Common ownership of a prior art reference at the time of invention cannot be established for the purposes of disqualifying that reference under § 103(c) by later filed assignment documents alone. Here, for example, an assignment of a prior art reference that occurred after the filing date of the application at issue was found to be insufficient to establish that the reference and the application were commonly owned at the time of invention. “[E]vidence of common ownership by assignment after the application filing date does not establish common ownership or an obligation to assign ownership at the time of the invention.” It may therefore be necessary to submit further evidence such as a declaration or employment agreement to establish that a prior art reference was commonly owned when it was not assigned until after the filing date of the application at issue.

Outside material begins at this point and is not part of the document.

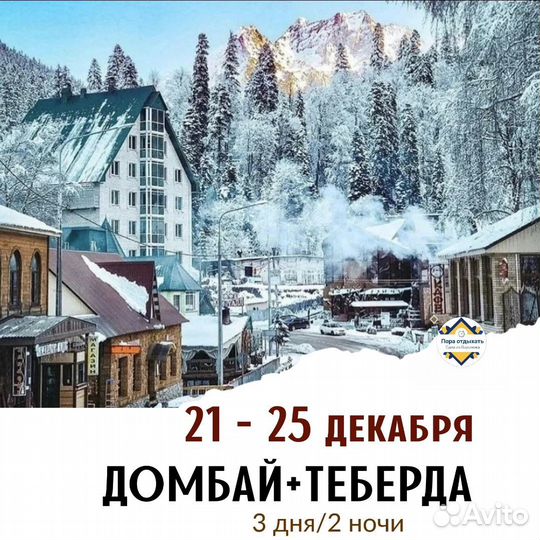 Из Воронежа в Домбай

Background / Facts: The application on appeal here from interference proceedings at the PTO is directed to methods of detecting modified bases in nucleic acids. The senior party to the interference sought to have the interference proceedings terminated by establishing that the junior party’s application would have been obvious over certain prior art that was asserted to be applicable to the junior party’s application but not the senior party’s application under the provisions of § 103(c).

Issue(s): Whether the senior party’s proffered evidence of assignment documents was sufficient to establish that the prior art was commonly owned by it.

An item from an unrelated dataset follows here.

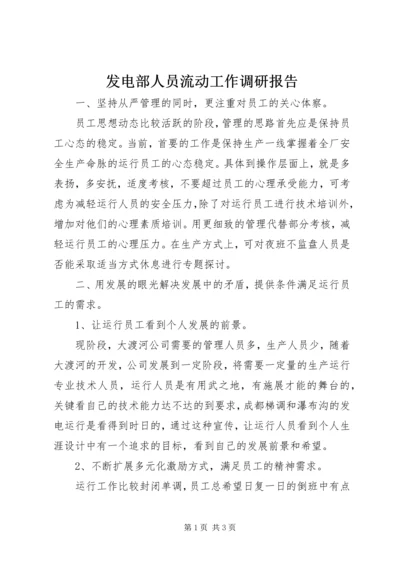 发电部人员流动工作调研报告.docx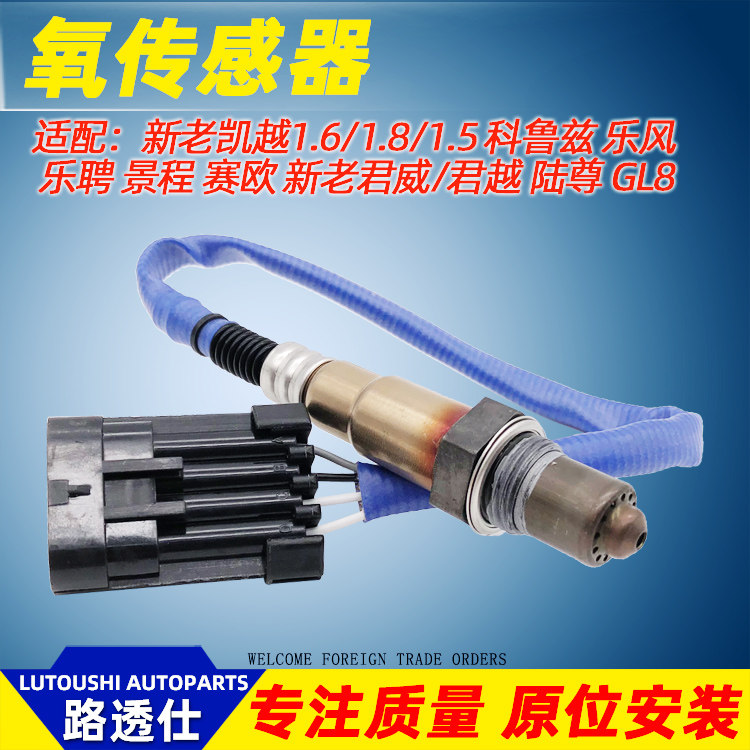 适用新老凯越1.6/1.8/1汽车传感器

Holding(s): No. “It appears that the Board might have misapplied § 103(c) by reasoning that the assessment of common ownership may be based on evidence of common ownership by assignment, even if the assignment occurred after the application filing date. 35 U.S.C. § 103(c) provides that § 102(e) prior art does not preclude patentability if ‘the subject matter [of the prior art] and the claimed invention were, at the time the claimed invention was made, owned by the same person or subject to an obligation of assignment to the same person.’ [] Accordingly, evidence of common ownership by assignment after the application filing date does not establish common ownership or an obligation to assign ownership at the time of the invention.”